README.md · suayptalha/Arcana-Qwen3-2.4B-A0.6B at main

Arcana-Qwen3-2.4B-A0.6B / README.md

suayptalha

Update README.md

8a9dcfd verified 7 months ago

preview code

raw

history blame contribute delete

3.53 kB

	---
	license: apache-2.0
	language:
	- en
	base_model:
	- Qwen/Qwen3-0.6B
	pipeline_tag: text-generation
	library_name: transformers
	tags:
	- moe
	- qwen3
	- code
	- math
	- reasoning
	- medical
	- instruction
	- if
	datasets:
	- nvidia/OpenCodeReasoning
	- unsloth/OpenMathReasoning-mini
	- patrickfleith/instruction-freak-reasoning
	- FreedomIntelligence/medical-o1-reasoning-SFT
	- Malikeh1375/medical-question-answering-datasets
	- Myashka/SO-Python_QA-filtered-2023-no_code-tanh_score
	- ArdentTJ/t1_daily_conversations
	---

	![The Imitation Game](qwen3-moe.jpg)

	"We are all experts at something, but we’re all also beginners at something else."

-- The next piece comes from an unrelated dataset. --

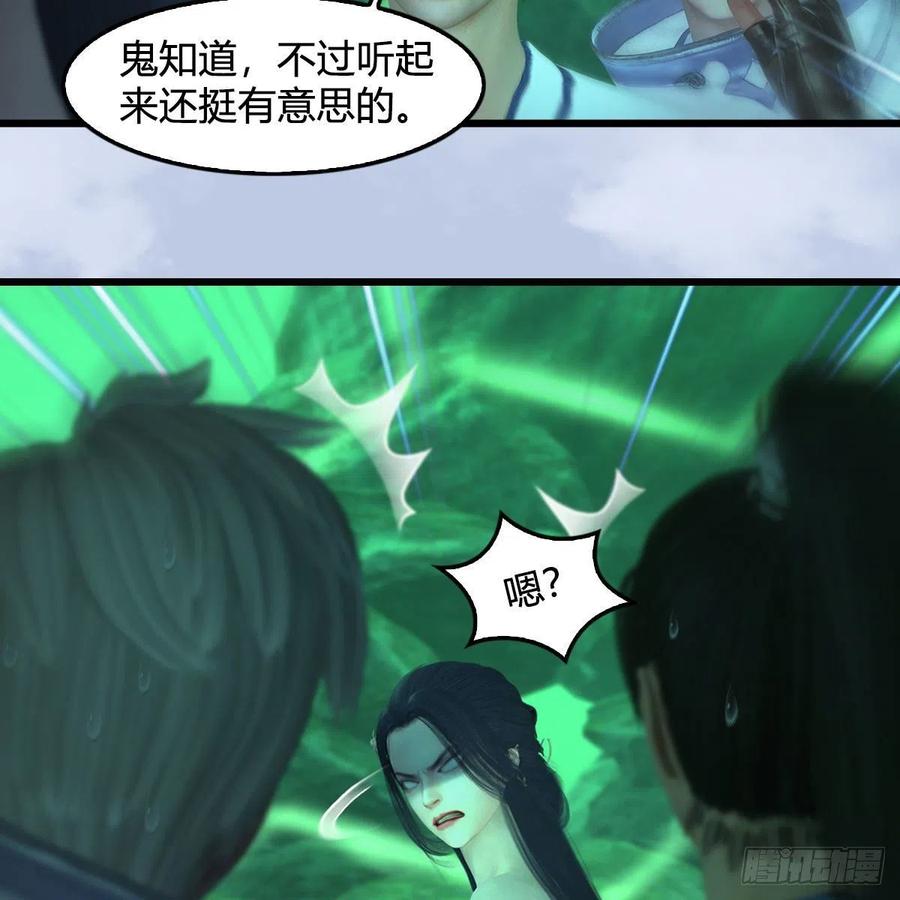 堕玄师357话：战蛇王（上）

	— The Imitation Game (2014)

	# Arcana Qwen3 2.4B A0.6B

	This is a MoE (Mixture of Experts) Qwen3 model which has total number of 2.4B parameters and 0.6B for each of 4 experts. All the expert models can be seen below.
	This model aims to provide more accurate results with more efficiency and less memory usage!

	## Expert Models:

	### Key Training Parameters (SFTConfig)

	* `per_device_train_batch_size = 2`
	* `gradient_accumulation_steps = 4`
	* `warmup_steps = 5`
	* `num_train_epochs = 1`
	* `learning_rate = 2e-5`
	* `optim = "adamw_8bit"`
	* `weight_decay = 0.01`
	* `seed = 3407`

	### Coding:
	[suayptalha/Qwen3-0.6B-Code-Expert](https://huggingface.co/suayptalha/Qwen3-0.6B-Code-Expert)

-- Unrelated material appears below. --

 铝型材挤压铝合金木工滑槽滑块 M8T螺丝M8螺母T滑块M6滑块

	This model was fully fine-tuned with BF16 on first 20k rows of `nvidia/OpenCodeReasoning` dataset for 1 epoch.

	### Math:
	[suayptalha/Qwen3-0.6B-Math-Expert](https://huggingface.co/suayptalha/Qwen3-0.6B-Math-Expert)

	This model was fully fine-tuned with BF16 on entire `unsloth/OpenMathReasoning-mini` dataset for 1 epoch.

	### Medical:
	[suayptalha/Qwen3-0.6B-Medical-Expert](https://huggingface.co/suayptalha/Qwen3-0.6B-Medical-Expert)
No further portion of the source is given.